In the case of Oxford University, Mill's Principles of Political Economy, first published in 1848, was the standard text until 1919 when it was replaced by Alfred Marshall's Principles of Economics. As Adam Smith's Wealth of Nations had during an earlier period, Mill's Principles of Economy dominated economics teaching and was one of the most widely read of all books on economics in the period.

In later editions of Principles of Political Economy, Mill would argue that "as far as economic theory was concerned, there is nothing in principle in economic theory that precludes an economic order based on socialist policies". Mill also promoted substituting capitalist businesses with worker cooperatives, writing:

The form of association, however, which if mankind continue to improve, must be expected in the end to predominate, is not that which can exist between a capitalist as chief, and work-people without a voice in the management, but the association of the labourers themselves on terms of equality, collectively owning the capital with which they carry on their operations, and working under managers elected and removable by themselves.

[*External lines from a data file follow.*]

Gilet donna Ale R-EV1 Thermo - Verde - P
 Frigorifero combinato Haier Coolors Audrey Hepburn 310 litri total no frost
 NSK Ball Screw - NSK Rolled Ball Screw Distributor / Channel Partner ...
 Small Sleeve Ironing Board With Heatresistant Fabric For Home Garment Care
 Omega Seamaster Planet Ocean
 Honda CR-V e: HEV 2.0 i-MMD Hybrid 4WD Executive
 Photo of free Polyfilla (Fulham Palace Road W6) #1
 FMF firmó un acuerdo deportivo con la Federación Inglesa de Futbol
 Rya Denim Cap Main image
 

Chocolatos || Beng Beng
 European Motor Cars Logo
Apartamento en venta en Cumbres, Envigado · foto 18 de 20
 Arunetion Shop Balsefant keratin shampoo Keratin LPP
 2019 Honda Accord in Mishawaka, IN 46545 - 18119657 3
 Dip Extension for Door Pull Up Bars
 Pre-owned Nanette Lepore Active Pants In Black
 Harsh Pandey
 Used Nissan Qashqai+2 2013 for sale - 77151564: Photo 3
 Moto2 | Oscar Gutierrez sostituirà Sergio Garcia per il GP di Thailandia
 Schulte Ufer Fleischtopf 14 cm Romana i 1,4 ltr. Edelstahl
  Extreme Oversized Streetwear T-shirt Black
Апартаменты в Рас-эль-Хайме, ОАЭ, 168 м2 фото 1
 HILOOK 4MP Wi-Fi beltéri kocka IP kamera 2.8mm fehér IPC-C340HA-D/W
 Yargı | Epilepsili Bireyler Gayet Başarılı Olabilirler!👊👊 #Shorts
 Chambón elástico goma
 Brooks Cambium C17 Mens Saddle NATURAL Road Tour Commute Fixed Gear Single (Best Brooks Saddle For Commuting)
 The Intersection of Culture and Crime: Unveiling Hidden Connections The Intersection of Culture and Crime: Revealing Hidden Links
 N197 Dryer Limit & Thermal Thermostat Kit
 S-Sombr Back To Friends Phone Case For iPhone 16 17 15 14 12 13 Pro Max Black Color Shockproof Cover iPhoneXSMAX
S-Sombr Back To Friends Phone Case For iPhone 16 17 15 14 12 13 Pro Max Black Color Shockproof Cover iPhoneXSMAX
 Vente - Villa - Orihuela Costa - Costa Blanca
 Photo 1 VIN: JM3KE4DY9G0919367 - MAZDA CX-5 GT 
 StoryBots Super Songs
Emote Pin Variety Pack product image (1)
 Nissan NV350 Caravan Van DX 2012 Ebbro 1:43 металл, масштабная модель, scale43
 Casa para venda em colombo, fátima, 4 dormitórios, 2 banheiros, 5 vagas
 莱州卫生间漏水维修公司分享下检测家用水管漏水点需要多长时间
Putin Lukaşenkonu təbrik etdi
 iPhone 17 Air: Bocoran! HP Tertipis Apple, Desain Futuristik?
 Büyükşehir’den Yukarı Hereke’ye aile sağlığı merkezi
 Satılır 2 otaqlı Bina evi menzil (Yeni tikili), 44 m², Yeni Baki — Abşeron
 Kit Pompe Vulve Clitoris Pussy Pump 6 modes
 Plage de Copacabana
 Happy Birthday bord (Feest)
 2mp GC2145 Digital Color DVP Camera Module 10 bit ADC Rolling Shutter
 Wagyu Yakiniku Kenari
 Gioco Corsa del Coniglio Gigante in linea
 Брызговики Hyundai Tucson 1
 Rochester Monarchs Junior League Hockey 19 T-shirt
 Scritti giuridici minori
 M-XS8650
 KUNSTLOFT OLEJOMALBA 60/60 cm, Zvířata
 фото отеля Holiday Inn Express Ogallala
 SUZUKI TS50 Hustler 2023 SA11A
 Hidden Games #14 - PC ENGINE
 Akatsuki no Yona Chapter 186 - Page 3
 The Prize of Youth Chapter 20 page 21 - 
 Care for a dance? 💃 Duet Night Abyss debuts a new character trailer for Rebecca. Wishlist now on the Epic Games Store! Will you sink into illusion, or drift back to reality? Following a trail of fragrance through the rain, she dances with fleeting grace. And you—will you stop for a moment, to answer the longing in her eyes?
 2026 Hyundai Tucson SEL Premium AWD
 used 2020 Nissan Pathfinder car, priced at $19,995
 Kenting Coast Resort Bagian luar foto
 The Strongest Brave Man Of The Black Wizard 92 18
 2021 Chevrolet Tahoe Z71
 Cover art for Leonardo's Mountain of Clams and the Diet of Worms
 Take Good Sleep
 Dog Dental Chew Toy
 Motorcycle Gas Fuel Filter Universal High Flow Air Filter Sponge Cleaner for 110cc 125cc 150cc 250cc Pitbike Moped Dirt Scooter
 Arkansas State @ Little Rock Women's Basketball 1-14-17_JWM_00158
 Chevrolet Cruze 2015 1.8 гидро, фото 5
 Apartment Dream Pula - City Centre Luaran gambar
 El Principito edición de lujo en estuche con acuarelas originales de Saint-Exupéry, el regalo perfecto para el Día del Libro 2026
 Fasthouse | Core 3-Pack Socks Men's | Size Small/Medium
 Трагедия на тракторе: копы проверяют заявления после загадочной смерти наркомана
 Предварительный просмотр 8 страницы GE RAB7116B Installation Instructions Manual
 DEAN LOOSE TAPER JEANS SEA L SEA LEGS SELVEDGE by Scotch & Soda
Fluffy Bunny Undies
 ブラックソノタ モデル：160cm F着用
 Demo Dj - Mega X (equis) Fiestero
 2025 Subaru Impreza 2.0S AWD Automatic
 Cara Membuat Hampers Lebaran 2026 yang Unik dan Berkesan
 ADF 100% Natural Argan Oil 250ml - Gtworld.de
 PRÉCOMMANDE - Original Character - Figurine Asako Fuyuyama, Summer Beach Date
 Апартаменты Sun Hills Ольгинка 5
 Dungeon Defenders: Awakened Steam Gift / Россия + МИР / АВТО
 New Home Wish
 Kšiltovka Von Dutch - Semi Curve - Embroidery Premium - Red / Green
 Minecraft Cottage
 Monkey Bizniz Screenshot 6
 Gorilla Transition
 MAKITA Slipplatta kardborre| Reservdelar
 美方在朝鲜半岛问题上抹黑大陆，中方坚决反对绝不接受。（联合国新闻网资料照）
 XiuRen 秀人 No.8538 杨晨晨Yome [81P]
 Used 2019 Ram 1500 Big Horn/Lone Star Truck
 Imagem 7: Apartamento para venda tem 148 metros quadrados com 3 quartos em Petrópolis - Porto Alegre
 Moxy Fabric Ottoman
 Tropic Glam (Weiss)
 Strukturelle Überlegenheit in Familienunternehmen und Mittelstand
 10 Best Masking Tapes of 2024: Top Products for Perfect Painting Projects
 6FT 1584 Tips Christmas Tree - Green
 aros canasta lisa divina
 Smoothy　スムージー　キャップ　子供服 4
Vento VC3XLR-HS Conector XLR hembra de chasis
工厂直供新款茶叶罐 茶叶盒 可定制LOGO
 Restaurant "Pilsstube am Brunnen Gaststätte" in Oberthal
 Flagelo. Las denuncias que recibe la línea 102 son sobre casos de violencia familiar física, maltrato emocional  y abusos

Ethical socialism in Britain

Liberal socialism has exercised influence in British politics, especially in the variant known as ethical socialism. Ethical socialism is an important ideology of the Labour Party. Labour Prime Minister Clement Attlee supported the ideology, which played a large role in his party's policies during the postwar 1940s. Half a century after Attlee's tenure, Tony Blair, another Labour Prime Minister, also described himself as an adherent of ethical socialism, which for him embodies the values of "social justice, the equal worth of each citizen, equality of opportunity, community". Influenced by Attlee and John Macmurray (who himself was influenced by Green), Blair has defined the ideology in similar terms as earlier adherents—with an emphasis on the common good, rights and responsibilities as well as support of an organic society in which individuals flourish through cooperation. Blair argued that Labour ran into problems in the 1960s and 1970s when it abandoned ethical socialism and that its recovery required a return to the values promoted by the Attlee government. However, Blair's critics (both inside and outside Labour) have accused him of completely abandoning socialism in favour of capitalism.

France

Pierre-Joseph Proudhon

Pierre-Joseph Proudhon, 19th-century anarchist and socialist advocate of mutualism

While Pierre-Joseph Proudhon was a revolutionary, his social revolution did not mean civil war or violent upheaval, but rather the transformation of society. This transformation was essentially moral in nature and demanded the highest ethics from those who sought change. It was monetary reform, combined with organizing a credit bank and workers associations, that Proudhon proposed to use as a lever to bring about the organization of society along new lines. Proudhon's ethical socialism has been described as part of the liberal socialist tradition which is for egalitarianism and free markets, with Proudhon taking "a commitment to narrow down the sphere of activity of the state".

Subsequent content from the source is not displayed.